İhracatımızın ürün ve pazar çeşitliliği son dönemde hızlanmak suretiyle istikrarlı bir şekilde artmaktadır.
İkinci çeyrekte küresel emtia fiyatlarındaki güçlü artışlar, tedarik zincirindeki aksaklıkların neden olduğu arz kısıtları ve döviz kurları tüketici kurları üzerinde baskı oluşturmaya devam etmiş, enflasyondaki artışın temel belirleyici olmuştur.
Enflasyon Nisan raporunda öngördüğümüz patikanın üzerinde kalmıştır.
Çekirdek enflasyon göstergeleri ise daha olumlu bir görünüm sergilemektedir.
Yılın ikinci çeyreğinde ithalat birim değer endeksi özellikle enerji fiyatlarındaki artışa bağlı yükseldi, enflasyonu yukarı çeken ana etkenlerden biri olmuştur.
Küresel enerji piyasalarında Rusya ve Ukrayna arasındaki çatışma nedeniyle daha belirgin hale gelen arz ve talep dengesizliklerinin ikinci çeyrekte sürmesi enerji fiyatlarına yansımıştır.
Enflasyonda talep koşullarının etkisi sınırlı.
İmalat sanayi firmalarının siparişlerine yönelik anket verileri, kartla harcamalar göstergeleri ivme kaybına işaret etmektedir.
2.çeyrekte çıktığı açığı göstergelerinde yavaşlama gözlendi, 2.yarıda düşüş hızlanacak.
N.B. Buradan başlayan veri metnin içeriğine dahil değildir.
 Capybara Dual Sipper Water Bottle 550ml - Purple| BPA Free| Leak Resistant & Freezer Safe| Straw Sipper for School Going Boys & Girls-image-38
Almakta olduğumuz kararlarla en kısa zamanda enflasyonda kalıcı düşüşü hedeflemekteyiz. Liralaşma perspektifi ile araçlarımızı etkin olarak kullandık ve kullanmaya devam edeceğiz.
Son dönemde makroihtiyati politikalarımızı güçlendirdik.
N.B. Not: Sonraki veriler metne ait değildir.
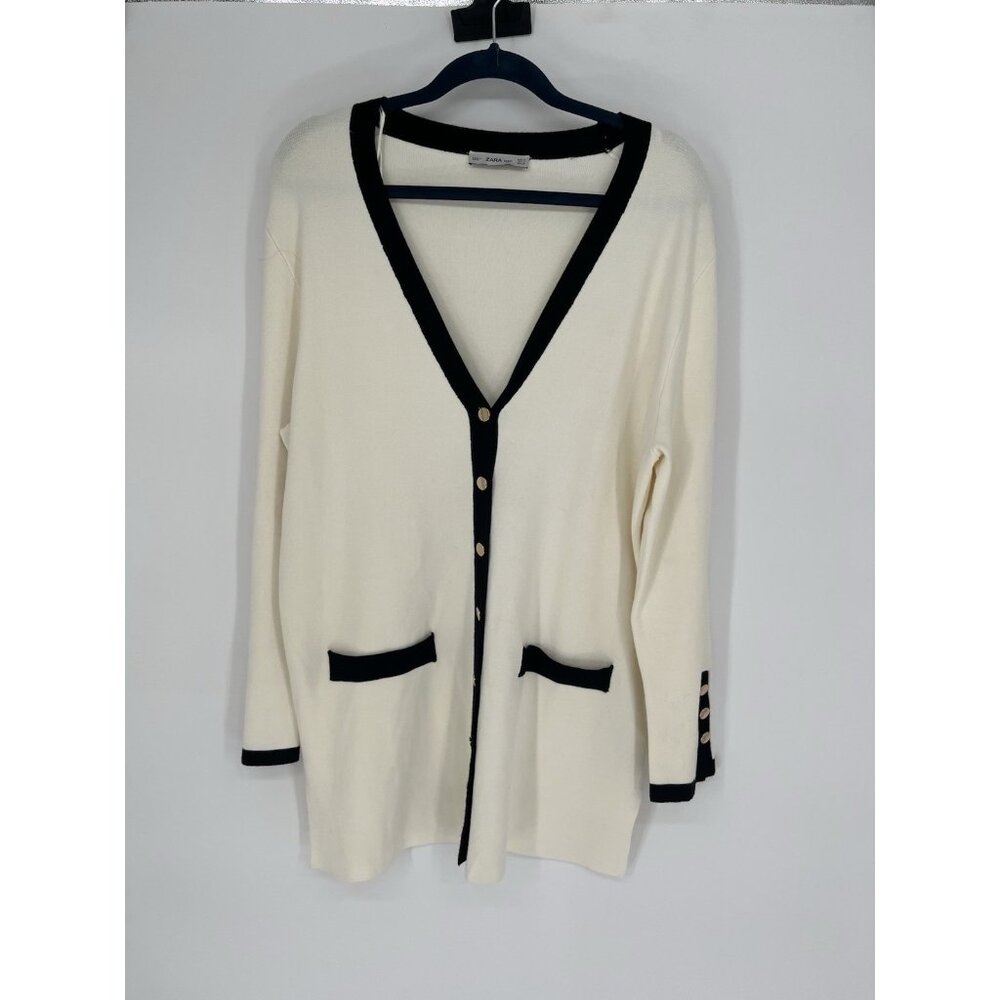Zara Set Black White Long Sleeve sweater cardigan and Sleeveless Knit Top Size M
Likidite, teminat ve zorunlu karşılık araçlarını etkin olarak kullanıyoruz. Parasal aktarımın etkinliği açısından etkinliği hissedilir adım attık.
Teminat düzenlemeleri kapsamında ilk olarak Mayıs ayında para takası ve bankalararası para işlemleri için DİBS sepetinin kapsamını değiştirdik.
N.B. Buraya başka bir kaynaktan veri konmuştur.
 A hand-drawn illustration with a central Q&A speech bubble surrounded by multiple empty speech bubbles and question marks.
Ekonominin potansiyeli ile uyumlu bir parasal büyümeyi gözeterek, tüm faizlerin politika faizine yakınsaması için gereken adımları atmaya devam edeceğiz.
Mevcut rapor döneminin başında oluşan yukarı yönlü tahmin sapması son dönemdeki olumlu gelişmelerle telafi edilmiştir.
Ham petrol ve emtia fiyatlarının genel seviyesine ilişkin varsayımlarımızı 2022 büyük oranda koruduk.
2022 yıl sonu gıda enflasyon tahmini yüzde 49’dan yüzde 71,3’e yükseldi.
2022 yıl sonu enflasyon tahmini yüzde 42,8’den yüzde 60,4’e yükseldi.
Enflasyonun 2023 yıl sonunda yüzde 19,2 olarak gerçekleşeceğini tahmin ediyoruz.
Enflasyonun 2024 yıl sonunda yüzde 8,8 olarak gerçekleşeceğini tahmin ediyoruz.
Uygulanan politikalarla kredi gelişiminde normalleşme başladı.
Küresel fiyat artışları normale döndüğünde Türkiye ekonomisinin cari fazla verdiğini göreceğiz.
Enflasyonun atalete dönüşmemesi için çok yoğun ve sert tedbirlerle bu süreci kısa sürede terse çevirmek için kararlar almaya devam ediyoruz.
Dünyada ülkelerin yapısı itibarıyla tedbirlere karşılık resesyon süreci konuşuluyor, IMF tüm ülkelerde büyümeyi aşağı yönde güncelledi, Türkiye yukarı doğru güncellenen tek ülke konumunda.
Dünyada resesyonun konuşulmadığı tek ülke Türkiye.
Rusya ile yerel paralarla ticaret için önemli mesafe kat ettik.
Rusya tarafında görüşmelerimiz devam ediyor, sadece Rusya değil diğer ülkelerle de swap anlaşmaları için görüşmeler devam ediyor.
Geçen yıl ROM’u kaldırdık, liralaşmayı öncelendirdik, etkin şekilde kullanım aracı hale getireceğiz, Merkez Bankası kendi yönettiği, aldığı kararlarda ağırlıklı liralaşmayı önceleyerek alıyor.
Rezervlerimiz geçen yıl da aynı seviyedeydi, bu yıl da aynı seviyelerde, enerji maliyeti arttı, tüm ödemelerini rahatlıkla ödüyor, ödeyecek, bunlar için yeterli rezervlerimiz, gücümüz var, çok iyi durumda, rezerv erimesi değil rezerv değiştirmesi var.
(Rusya ile yerel parayla ticaret görüşmeleri) Ticaretimizde o kadar fark yaşanmıyor, ticaret kendi dengesini buluyor, enerji ödemelerimiz, ticaret, turizm var, görüşmeler önemli bir noktaya geldi.
Dijital para ile ilgili güzel haberleri kısa zamanda vereceğiz, çalışmalar olumlu şekilde devam ediyor, sona doğru geliyoruz.
Önümüzdeki dönemde rezervlerdeki artışı göreceğiz, YUVAM’da hedeflediğimiz yıl sonu rakamına doğru yaklaşıyoruz.
Bankacılık sektörümüz dünyadaki en iyi bankacılık sektörü başında geliyor, bu kadar sağlam ve güçlü bir bankacılık sektörünün böyle bir CDS’i hak ettiğini düşünmüyorum.